[PATCH] tests/amd_queue_reset: add ability to skip subtest

Fri Aug 23 00:04:14 UTC 2024

From: Vitaly Prosyak <vitaly.prosyak at amd.com>

Some ASICs may lack functionality for specific error types, such as
CMD_STREAM_EXEC_INVALID_PACKET_LENGTH, etc. To effectively test the
entire table of queue/pipe reset errors, we’ve added an exclude
filter that allows us to skip certain subtests based on family and
chip ID.

The complexity lies in ensuring that the three other processes
(test, background, and monitoring) remain synchronized.

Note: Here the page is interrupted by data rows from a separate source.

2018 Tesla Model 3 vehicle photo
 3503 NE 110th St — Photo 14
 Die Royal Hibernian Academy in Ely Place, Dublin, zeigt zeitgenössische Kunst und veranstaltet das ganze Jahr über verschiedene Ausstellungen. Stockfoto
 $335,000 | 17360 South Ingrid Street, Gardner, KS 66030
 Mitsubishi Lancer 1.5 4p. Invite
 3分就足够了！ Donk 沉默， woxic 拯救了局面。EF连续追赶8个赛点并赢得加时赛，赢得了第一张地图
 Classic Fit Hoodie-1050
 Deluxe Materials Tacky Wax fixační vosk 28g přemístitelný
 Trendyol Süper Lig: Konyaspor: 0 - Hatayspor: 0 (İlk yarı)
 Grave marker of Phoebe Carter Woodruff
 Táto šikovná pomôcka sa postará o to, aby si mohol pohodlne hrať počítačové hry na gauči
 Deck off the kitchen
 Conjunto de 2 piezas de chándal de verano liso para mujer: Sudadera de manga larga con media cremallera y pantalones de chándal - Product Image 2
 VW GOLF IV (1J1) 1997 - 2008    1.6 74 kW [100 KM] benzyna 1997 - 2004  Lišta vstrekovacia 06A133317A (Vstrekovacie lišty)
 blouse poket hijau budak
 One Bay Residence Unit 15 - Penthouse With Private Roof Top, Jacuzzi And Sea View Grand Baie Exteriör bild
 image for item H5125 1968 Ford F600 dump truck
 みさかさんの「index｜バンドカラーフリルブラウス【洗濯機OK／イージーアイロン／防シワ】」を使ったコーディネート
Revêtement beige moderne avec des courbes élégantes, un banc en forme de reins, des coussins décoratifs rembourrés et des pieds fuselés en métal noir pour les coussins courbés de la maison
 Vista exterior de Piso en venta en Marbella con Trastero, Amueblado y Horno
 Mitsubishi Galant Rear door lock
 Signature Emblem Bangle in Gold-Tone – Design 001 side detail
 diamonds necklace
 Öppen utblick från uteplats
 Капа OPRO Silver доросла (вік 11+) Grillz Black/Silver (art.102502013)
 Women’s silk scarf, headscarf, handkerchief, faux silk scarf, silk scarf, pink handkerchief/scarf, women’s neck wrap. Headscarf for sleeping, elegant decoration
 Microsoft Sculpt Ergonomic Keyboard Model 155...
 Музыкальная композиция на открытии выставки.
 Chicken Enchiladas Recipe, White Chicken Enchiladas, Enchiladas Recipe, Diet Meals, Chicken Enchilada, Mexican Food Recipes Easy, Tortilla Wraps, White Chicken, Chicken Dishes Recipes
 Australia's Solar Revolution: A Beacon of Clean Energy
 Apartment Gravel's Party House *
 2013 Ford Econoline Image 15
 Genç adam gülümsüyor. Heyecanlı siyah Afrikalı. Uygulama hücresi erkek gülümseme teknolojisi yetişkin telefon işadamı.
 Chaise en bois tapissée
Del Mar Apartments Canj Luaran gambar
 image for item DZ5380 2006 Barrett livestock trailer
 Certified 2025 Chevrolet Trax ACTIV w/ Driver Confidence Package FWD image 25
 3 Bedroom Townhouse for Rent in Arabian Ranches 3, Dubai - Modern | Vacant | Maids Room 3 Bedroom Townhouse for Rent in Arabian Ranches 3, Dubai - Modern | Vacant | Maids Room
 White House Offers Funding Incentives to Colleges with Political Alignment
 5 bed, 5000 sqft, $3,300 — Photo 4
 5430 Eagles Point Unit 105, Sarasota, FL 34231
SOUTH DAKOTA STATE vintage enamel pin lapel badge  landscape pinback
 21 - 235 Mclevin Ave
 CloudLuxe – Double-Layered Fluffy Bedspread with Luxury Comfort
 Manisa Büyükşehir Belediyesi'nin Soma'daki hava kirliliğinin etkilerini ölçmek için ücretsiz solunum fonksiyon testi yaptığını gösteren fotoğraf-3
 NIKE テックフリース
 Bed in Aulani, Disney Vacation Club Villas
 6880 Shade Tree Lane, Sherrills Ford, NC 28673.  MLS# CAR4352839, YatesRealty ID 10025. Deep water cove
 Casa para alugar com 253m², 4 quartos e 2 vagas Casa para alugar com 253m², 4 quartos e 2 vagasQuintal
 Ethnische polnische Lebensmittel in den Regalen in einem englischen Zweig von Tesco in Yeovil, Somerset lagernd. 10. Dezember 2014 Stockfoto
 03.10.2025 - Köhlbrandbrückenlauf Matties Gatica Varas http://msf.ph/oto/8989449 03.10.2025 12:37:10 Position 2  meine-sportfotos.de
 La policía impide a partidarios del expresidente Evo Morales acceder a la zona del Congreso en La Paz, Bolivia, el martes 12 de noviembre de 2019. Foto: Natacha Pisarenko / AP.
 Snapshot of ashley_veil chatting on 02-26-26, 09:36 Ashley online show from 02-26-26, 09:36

This ensures
that each subtest can be skipped when necessary, while the next
subtest is properly executed.

Cc: Jesse Zhang <jesse.zhang at amd.com>
Cc: Alex Deucher <alexander.deucher at amd.com>
Cc: Christian Koenig <christian.koenig at amd.com>
Signed-off-by: Vitaly Prosyak <vitaly.prosyak at amd.com>
---
 lib/amdgpu/amd_ip_blocks.h     |  11 ++++
 tests/amdgpu/amd_queue_reset.c | 115 +++++++++++++++++++++++++++------
 2 files changed, 108 insertions(+), 18 deletions(-)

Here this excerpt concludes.